From beincrypto by Abiodun Oladokun

Solana’s total value locked (TVL) has plummeted to its lowest point this month, reflecting a decline in activity on the Layer-1 network. Since the beginning of the month, over $1 billion has been withdrawn from Solana’s DeFi ecosystem. 

The sharp fall in TVL can be attributed to a drop in daily active addresses on the network. This indicates a dwindling user base and reduced on-chain activity.

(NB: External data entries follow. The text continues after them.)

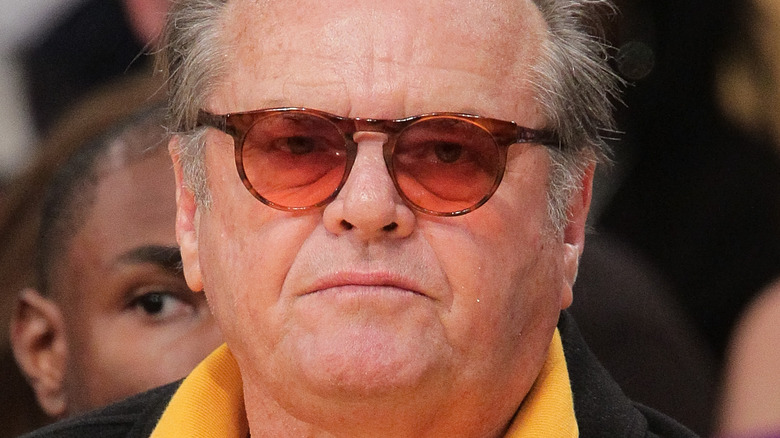 Jack Nicholson frowning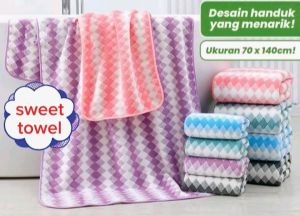 Handuk microfiber 70X140 Rp20.000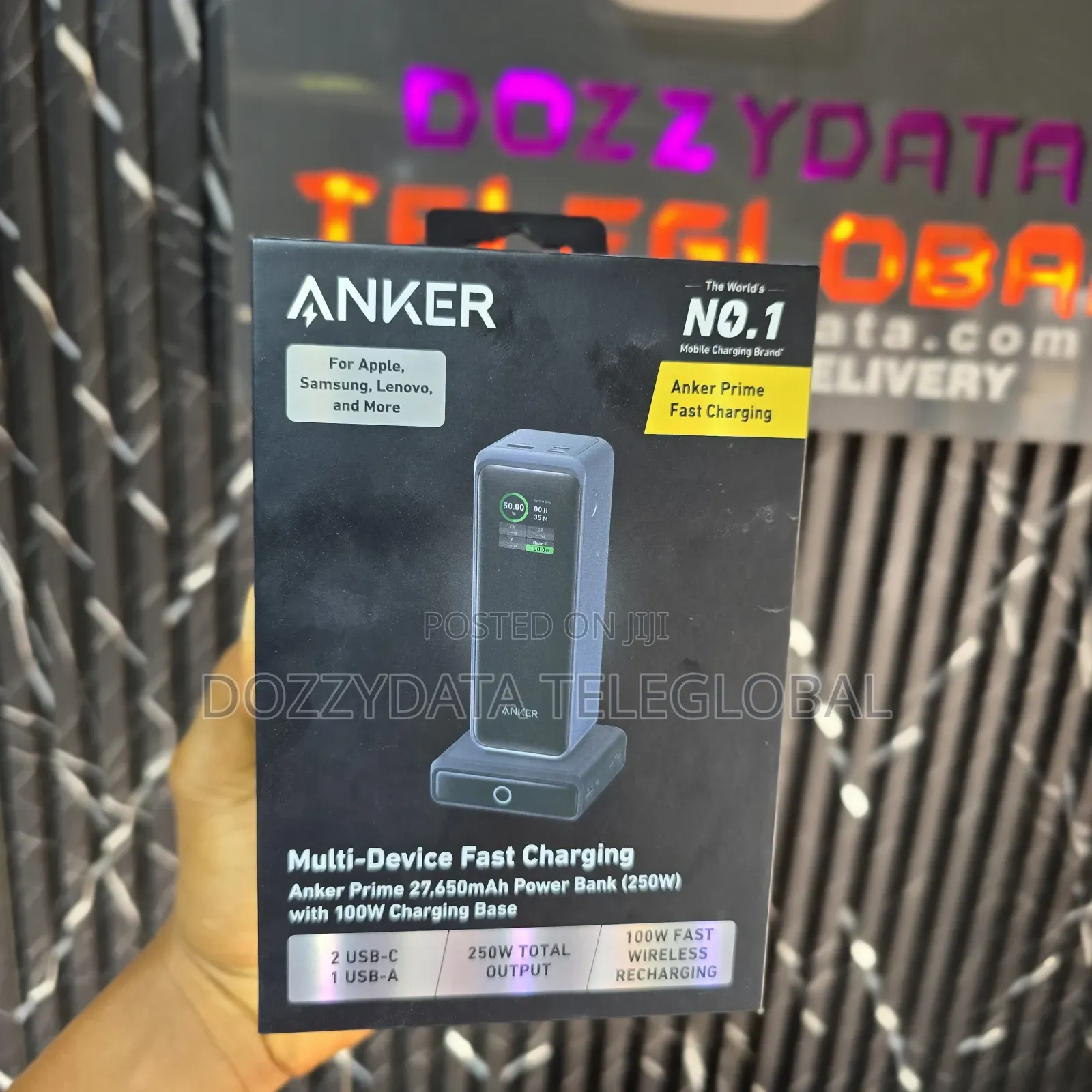 Anker Prime 27650mah Power Bank (250w) With 100w Charging Base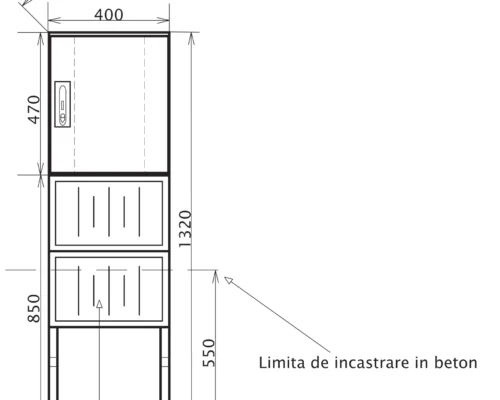 SMI-DEE 1X1-P Montaj pe Picior Incastrat in Beton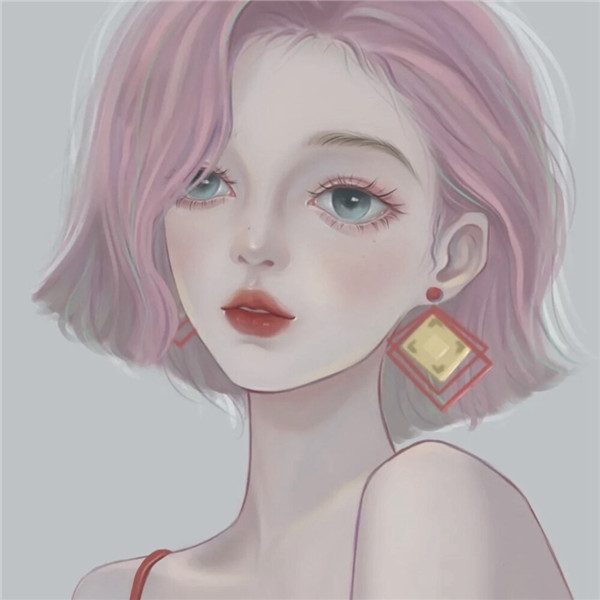 头像女2025年最火动漫手绘图片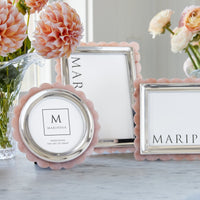 Pink Acrylic Scallop Round Frame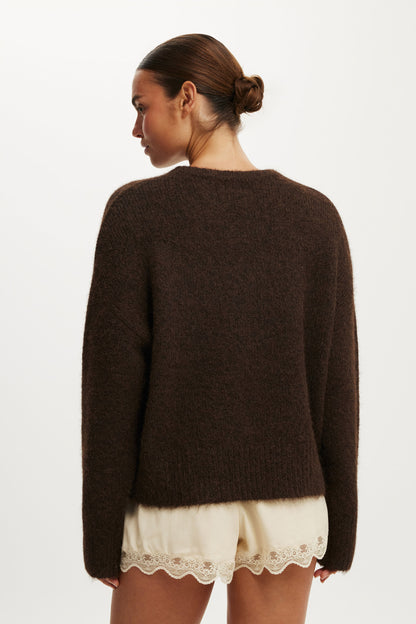 Luxe Crew Neck Sweater
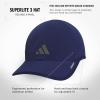 imageadidas Mens Superlite Hat  Lightweight MoistureWicking Cap for Workout and TrainingDark BlueGrey Four3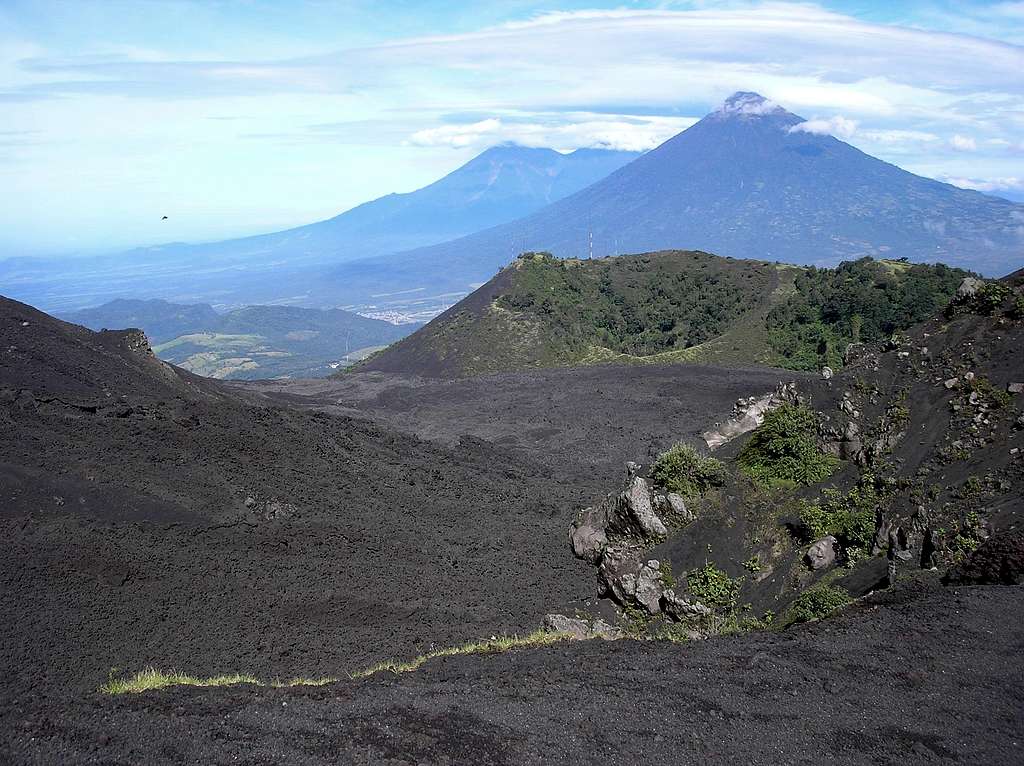 Agua seen from the lava fields of Pacaya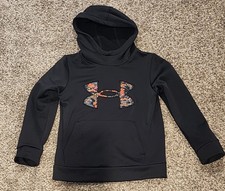 Under Armour Black Pullover Hoodie Youth Boy Size Small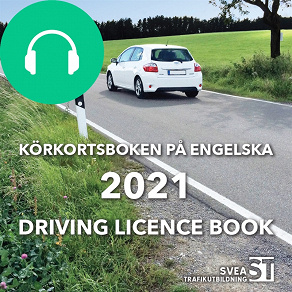 Cover for Körkortsboken på engelska 2021: Driving licence book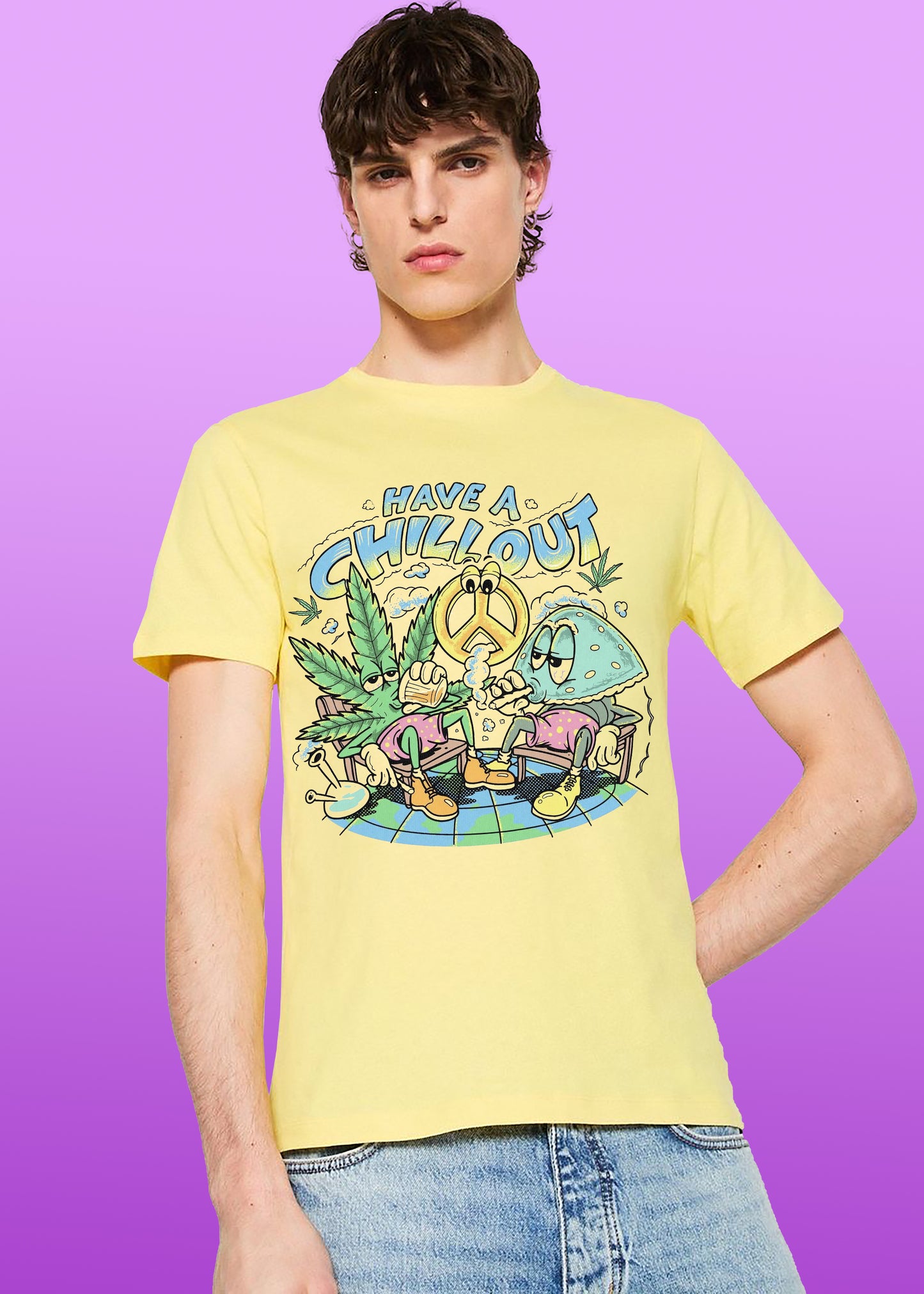 VLAM Chillout Vibes Funny Tshirt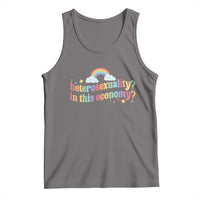 Funny Heterosexuality In This Economy Tank Top Rainbow LGBTQ+ Pride - Wonder Print Shop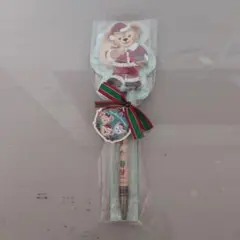ディズニーシー　ダッフィー　メモ帳　ボールペン　サンタクロース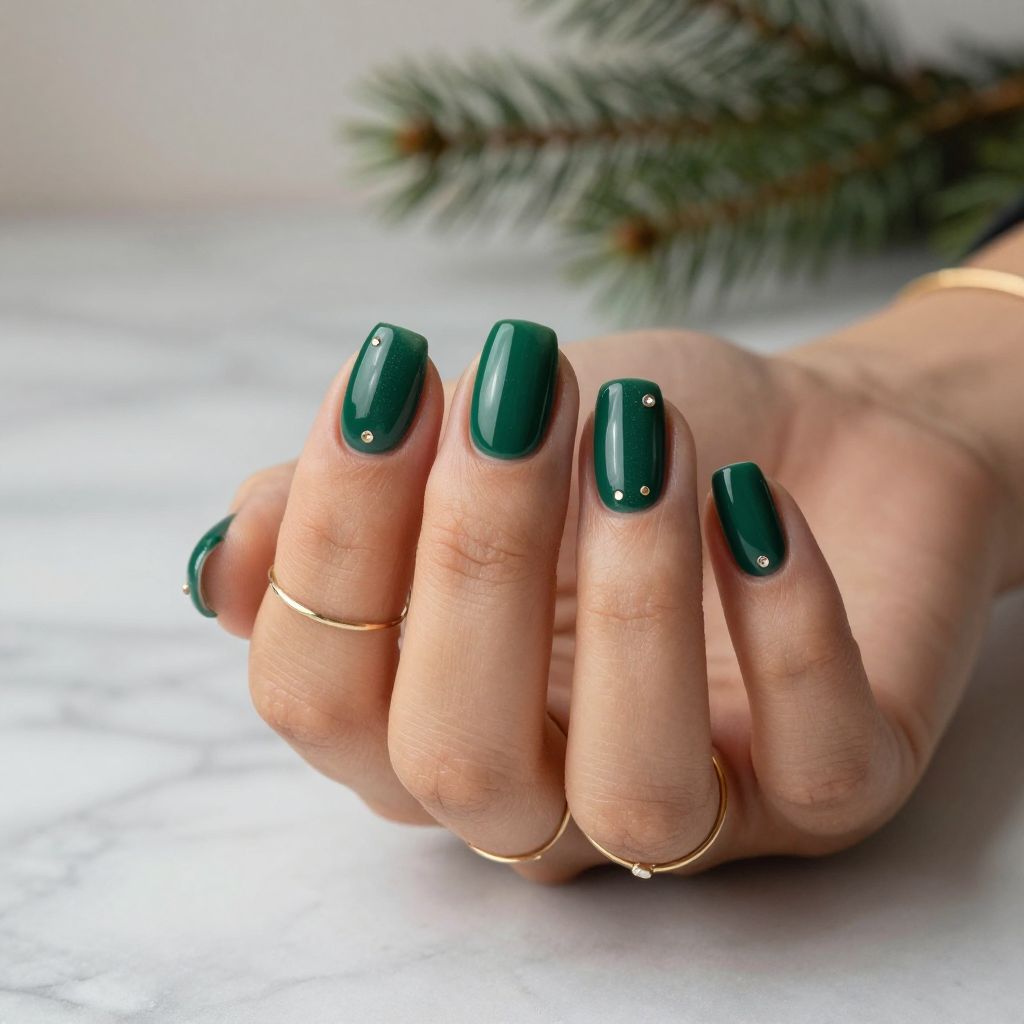 Rhinestone Nail Art Ideas 12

Solana’s TVL Plummets Amid Low Activity

According to DeFiLlama, Solana’s Total Value Locked (TVL) currently sits at $8.01 billion, representing a 12% decline since December 1, equating to $1.1 billion exiting the ecosystem. The network’s leading DeFi protocol, Jito, has been hit particularly hard, recording a 28% drop in TVL over the past month. At the time of writing, Jito’s TVL is $2.66 billion.

Solana TVL. Source: DefiLlama

Solana’s TVL decline mirrors the broader drop in usage during the period under review. According to Artemis, user activity on Solana has been on a downward trend since the start of the month. Over the past 21 days, 5.37 million unique addresses have completed at least one transaction on the L1, marking a 7% decline in activity on the chain.

Moreover, due to Solana’s low usage, its network revenue has also decreased. This decline has been further worsened by SOL’s performance, with its value dropping by 28% over the past 30 days. According to Artemis’ data, the network’s revenue has plunged by 24% since December began.